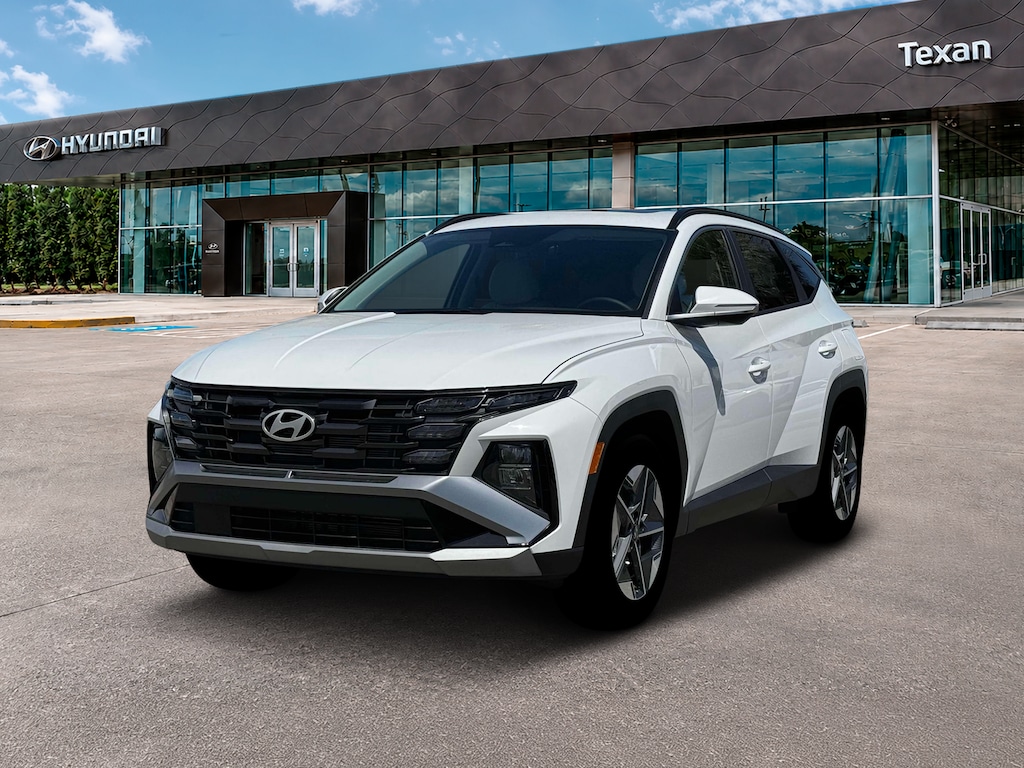 New 2026 Hyundai Tucson SEL Premium SUV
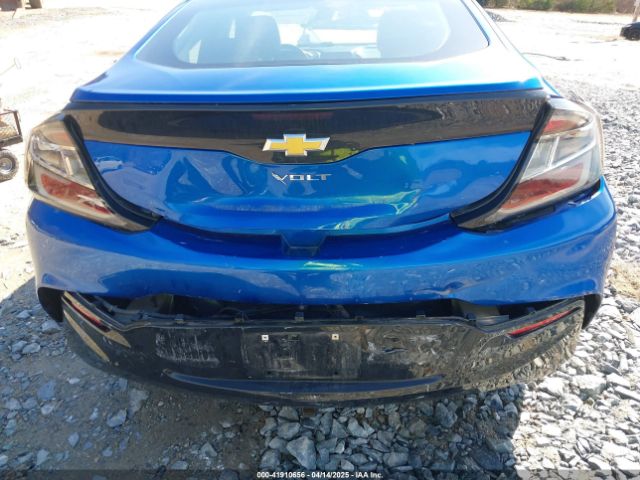 1G1RC6S57HU103018 Chevrolet VOLT LT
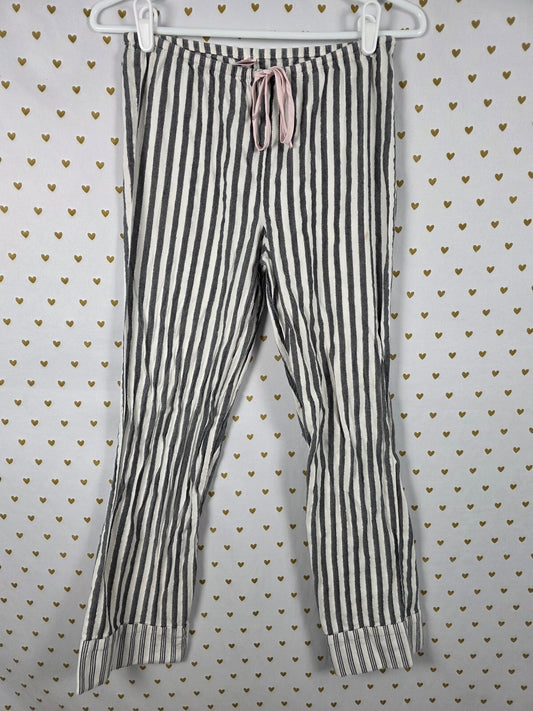 Victorias Secret Striped soft XS Sleep Pants Pajama PJ Bottoms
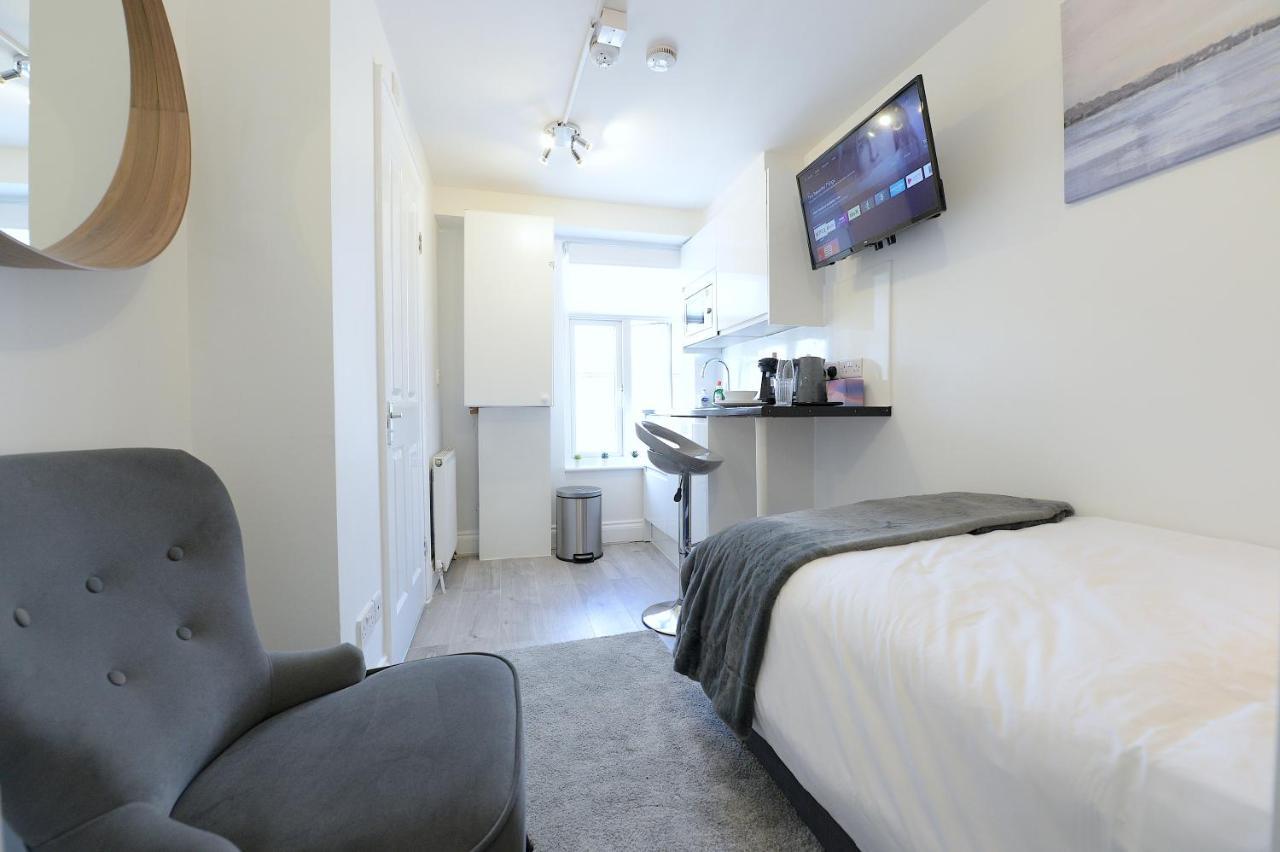 Stylish Studios By Luxestays Shepherds Bush ロンドン エクステリア 写真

..............................

Activity:
Give the listing again exactly, excluding pictures.

Response to the task:
 New 2026 Hyundai Tucson SEL Premium SUV
 1G1RC6S57HU103018 Chevrolet VOLT LT
 Victorias Secret Striped soft XS Sleep Pants Pajama PJ Bottoms
 Stylish Studios By Luxestays Shepherds Bush ロンドン エクステリア 写真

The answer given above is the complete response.